Glacier Bay National Park
What could be better than to be at the northern end of Glacier Bay National Park at six in the morning with clear skies? Golden sunlight edged the ragged peaks and slowly crept down the cold mountain sides. A few sounds like rifle shots punctuated the still air as ice snapped to relieve stress within Margerie Glacier. Calving rewarded those who waited patiently. One tall serac, or pinnacle of ice, plunged dramatically into the bay. Next we moved on to the ice -filled fiord that holds the Johns Hopkins Glacier. Every snowfield and glacier was ablaze with light. At the far end of the inlet, Mt. Orville and Mt. Wilbur poked into the sky as the photo in today’s expedition report shows.

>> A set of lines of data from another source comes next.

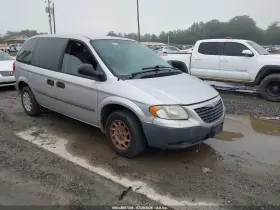 2002 Chrysler Voyager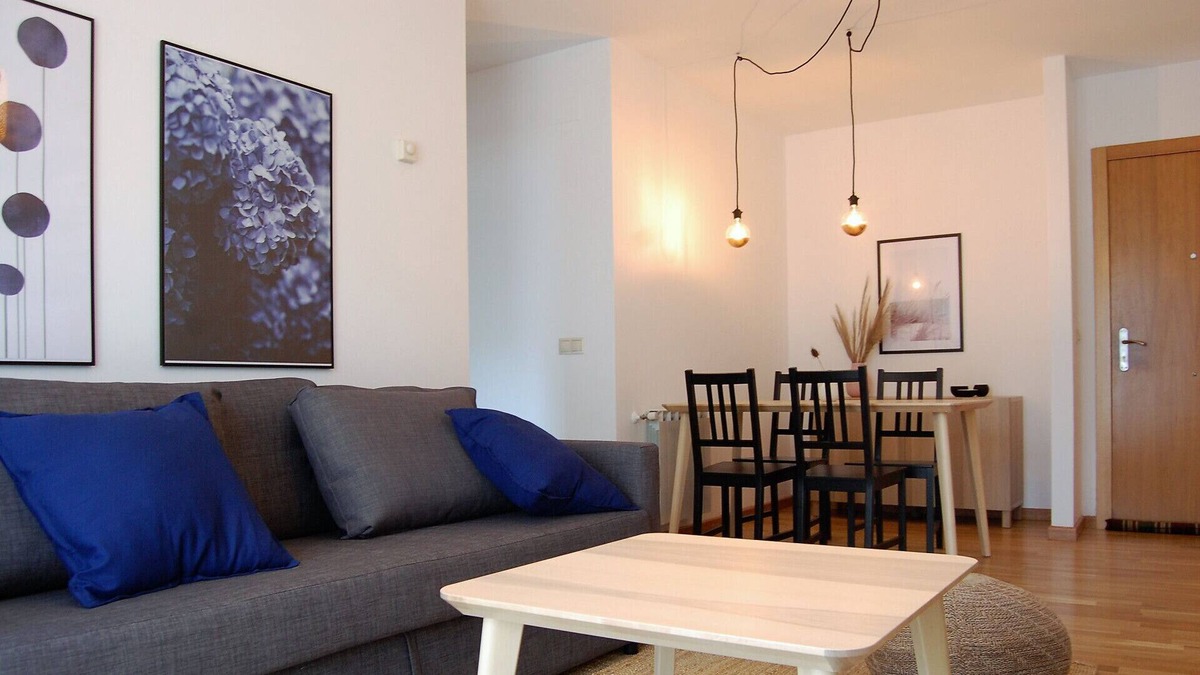Posada de Llanes Apartment | APARTMENT FOR 2/4 PEOPLE NEAR THE BEACHES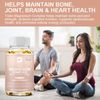 Triple Magnesium Complex 300Mg - Improves Sleep, Energy and Immune Support 120PC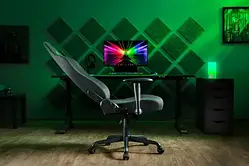 Ігрове крісло Razer Iskur V2 X Fabric Black (RZ38-05310100-R3G1)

Our next endeavor was to search for brown bears in Russell Cut, a passageway between an island and the east side of Glacier Bay. Our expedition leader found a brownie in a small stream. It soon grabbed a salmon, dragged it up onto the bank, held it down with one paw, and tore pieces off and ate them. Later we discovered another individual at a stream mouth. After some effort with no fishing luck, it moved along the beach and began to turn over rocks. This was a low tide, the best time to search for bruins foraging for intertidal tidbits like gunnels, crabs and barnacles. There is something very meaningful about watching wild bears. It isn’t that everything they do is special, it’s more that one can share a moment in time with a most remarkable character.
After lunch, our goal was to find mountain goats. It was still warm, and we spotted three lying in a snowfield, while others grazed nearby with their young kids.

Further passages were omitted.